The comma is used very frequently but is also often used incorrectly.
There are four distinct uses of the comma:
A listing comma is used as a kind of substitute for the word ‘and’ or sometimes for the word ‘or’ in a list when three or more words, phrases or even complete sentences are joined by the word ‘and’ or ‘or’.[The colours in the Union Jack flag are red, white and blue.]
A joining comma is only slightly different from a listing comma and is used to join two complete sentences into a single sentence, when it must be used by one of the connecting words ‘and’, ‘or’, ‘nor’, ‘but’, ‘while’, ‘so’ and ‘yet’. [I could tell you the truth, but I will not.]
The gapping comma is used to show that one or more words have been left out when the missing words would simply repeat the words already used in the same sentence. [Some English writers use punctuation correctly; others, not.]

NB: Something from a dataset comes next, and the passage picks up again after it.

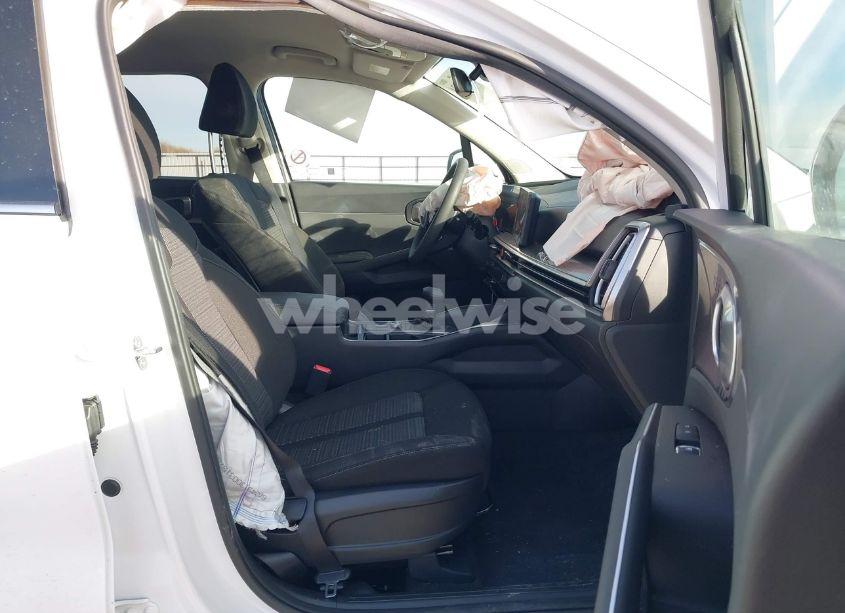 Photo 5 of 2025 Kia Sorento LX (VIN 5XYRG4JC5SG315120)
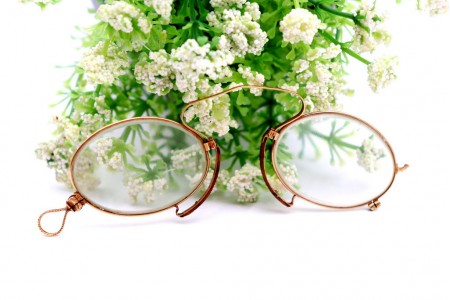 Óculos com estrutura em ouro amarelo e lentes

The bracketing comma always comes as a pair and is used to mark off a weak interruption of a sentence – that is, an interruption which does not disturb the smooth flow of the sentence and could be removed and still leave the sentence complete and making good sense. [This web site, I would suggest, contains much useful information and advice.]
Other uses of comma are:
Use commas to separate items in a series.
Example: Our itinerary included Rome, London, and Madrid.
Use a comma before and, but, or, nor, for, so, and yet, when they join independent clauses (unless the clauses are short).
Example: The story gets off to a slow start, but it gets exciting toward the end.
Use commas to set off nonessential clauses and phrases.
Example: My father, who started this company, really knows his stuff.
Use a comma after introductory elements.
Examples: Well, how do you do? Before you leave, turn off the lights.
Use commas to set off an expression that interrupts a sentence.
Examples: The article in The Herald, our local paper, is about writing skills. Cabs in New York, I’m certain, obey the speed limit.
Use a comma in certain conventional situations (to separate items in dates and addresses, after the salutation and closing of a letter, and after a name followed by a title).
Examples: January 1, 1992 New York, NY Dear Shirley, Cordially, Albert Schweitzer, Ph.D.
Note 1: One bracketing comma will suffice if the weak interruption comes at the beginning or the end of the sentence.
[Although often wet, Britain has lots of sunshine. as opposed to Britain, although often wet, has lots of sunshine.]
Note 2: The main purpose of punctuation is to aid understanding; a subsidiary purpose is to aid flow. Use joining commas and pairing commas where this aids understanding and/or flow. As a general rule, the longer the sentence or the more complex the sentence, the greater the need for commas.
Note 3: When in doubt over where to use a comma, try reading the sentence out loud and, generally speaking, commas should be used where you pause for clarification or breath.
Note 4: There is some controversy over use of something called the serial or Oxford comma which is the last comma in this example: The colours in the Union Jack flag are red, white, and blue. Generally the serial comma is not used in Britain where it is regarded as unnecessary, but it is commonly used in the United States where it is thought helpful. However, many authors prefer to use a listing comma before ‘and’ or ‘or’ only when it is necessary to make the meaning clear.